This conundrum immediately reminded me of the way the tributes in the Hunger Games teamed up into groups to work together even though there could only be one winner. They'd ultimately have to turn on one another for there to be a champion. I suppose you could say they did it to survive just a little longer and perhaps avoid a brutal death at the hands of a more vicious enemy, but the story never seemed to pay much attention to addressing that point.

I think your question is at the heart of their Doctrinal Conflict with the Kzer-Za. The Kohr-Ah were the warrior caste, so yes, they essentially viewed everyone else as inferior or insignificant, perhaps even their Kzer-Za brethren to a degree. The Kzer-Za wanted thralls and the Kohr-Ah did not, which was one of the core motivations of their civil war.

The idea of a marauding alien species is nothing new in science fiction, but I always thought the warped religious zealotry of the Kohr-Ah was a nice element that made them kind of unique and really intimidating simply because they seemed so cool and calm about their obvious psychosis, as though they'd really thought things through and decided that this was their best course of action. Who's to say you wouldn't feel the same way after a few thousand years of psychic enslavement?

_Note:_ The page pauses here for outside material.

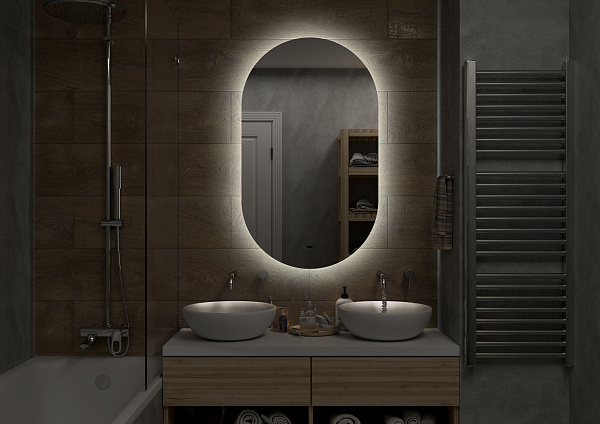 Зеркало Континент "Fleur Led" 650х1100 с бесконтактным сенсором, холодная подсветка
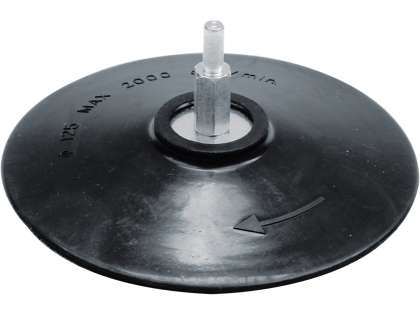 Suport Disc Abraziv Fixare Velcro, 125Mm, Cu Tijă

I think the bits of conversation where the Kohr-Ah offer the genocide-suicide option was in the spirit of humor as most of the writing was, although I suppose if another race had accepted that offer they would by definition be thralls, but I'm not sure why it would be strange that no other race accepted; why help the Kohr-Ah in their genocide if they're ultimately going to destroy you for your efforts anyway? Might as well go down fighting them rather than someone else.

Reply #2 Top

Indeed individuals, in such alliances, in Hunger Games and Battle Royale somehow did not create contingency plans for when only one alliance remains. Perhaps they still hoped the rules could still change.

"why help the Kohr-Ah in their genocide if they're ultimately going to destroy you for your efforts anyway? Might as well go down fighting them rather than someone else."
Answer: In both World Wars, superior officers would shoot troops refusing to attack their enemy. If what you said was true, then troops that faced impossible odds would rather have shot their own officers. Which on occasion may have happened, but I doubt the propaganda campaign would let out such information.

But yes the Kohr-Ah having Battle Thralls would contradict that they have no use for what they deem inferior races:

Captain: What if we promise to be your slaves? Will you let us live then?

Kohr-Ah: The ignominy of slaving we leave to our Kzer-Za cousins.
We have no need for inferiors as servants.

Kohr-Ah are also content with death and believe in reincarnation, so casualty count on their own side doesn't worry them.

I would get the genocide-suicide black humor, if they offered the other race to commit suicide as the only alternative to Kohr-Ah killing them instead. Humane irony.